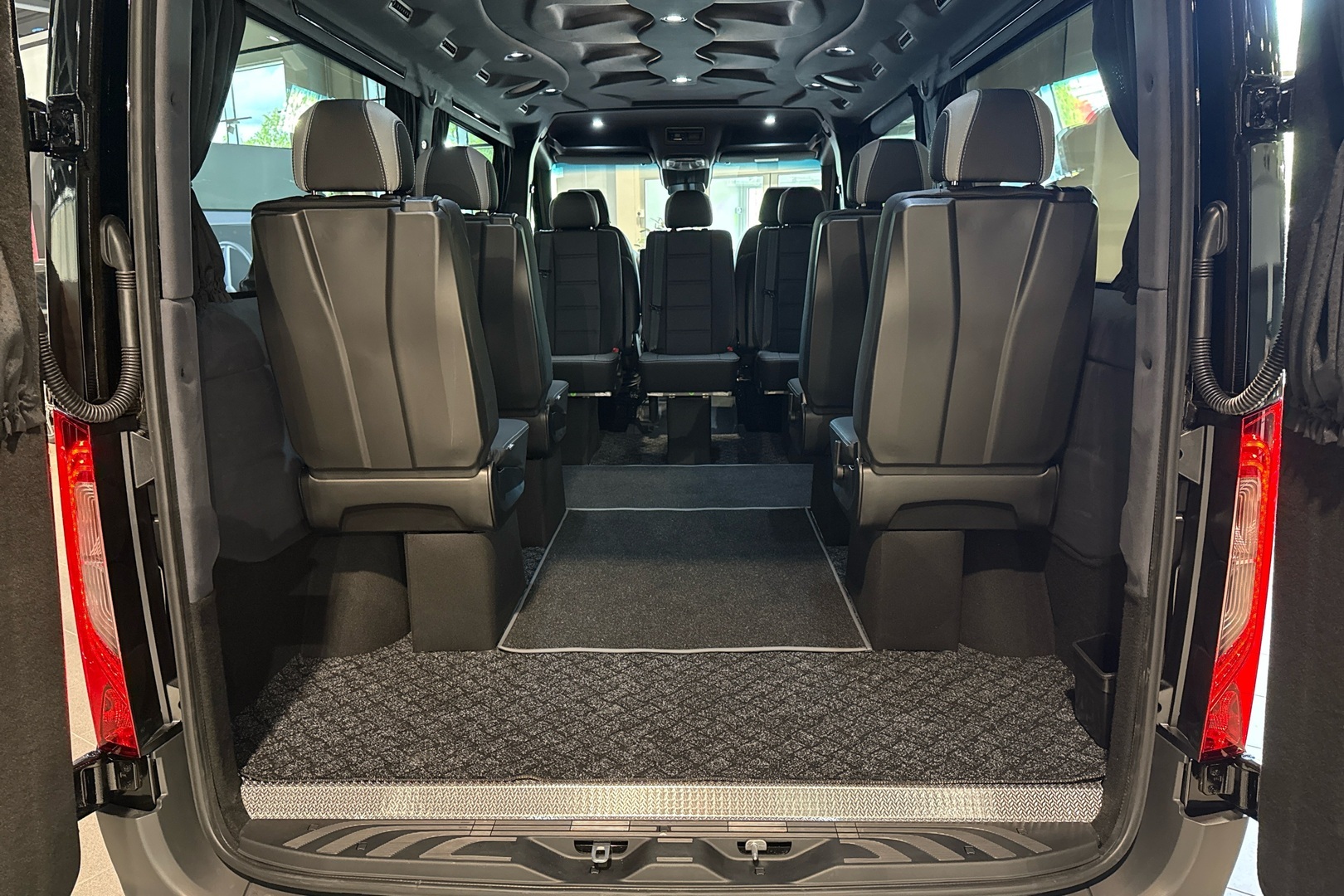 MERCEDES-BENZ Sprinter 13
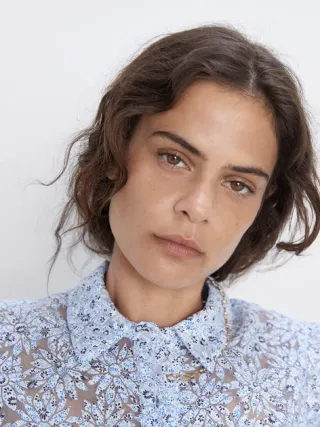 Blusa Zara floral azul y blanca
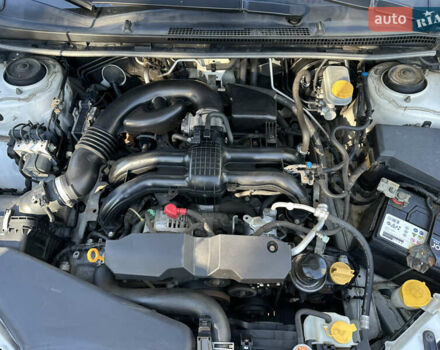 Білий Субару Crosstrek, об'ємом двигуна 2 л та пробігом 210 тис. км за 12500 $, фото 6 на Automoto.ua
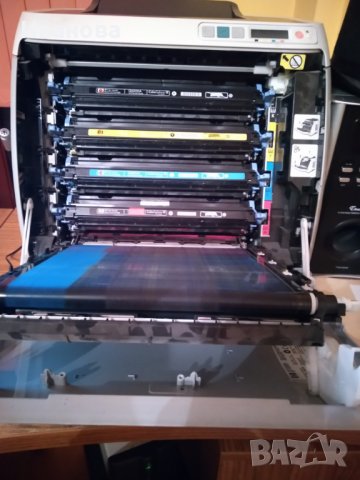 Продавам цветен принтер НР CLG 1600, снимка 1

▸ Task to carry out
For the material above, give every line again exactly and leave out the pictures.

▸ Response
 MERCEDES-BENZ Sprinter 13
 Blusa Zara floral azul y blanca
 Білий Субару Crosstrek, об'ємом двигуна 2 л та пробігом 210 тис. км за 12500 $, фото 6 на Automoto.ua
 Продавам цветен принтер НР CLG 1600, снимка 1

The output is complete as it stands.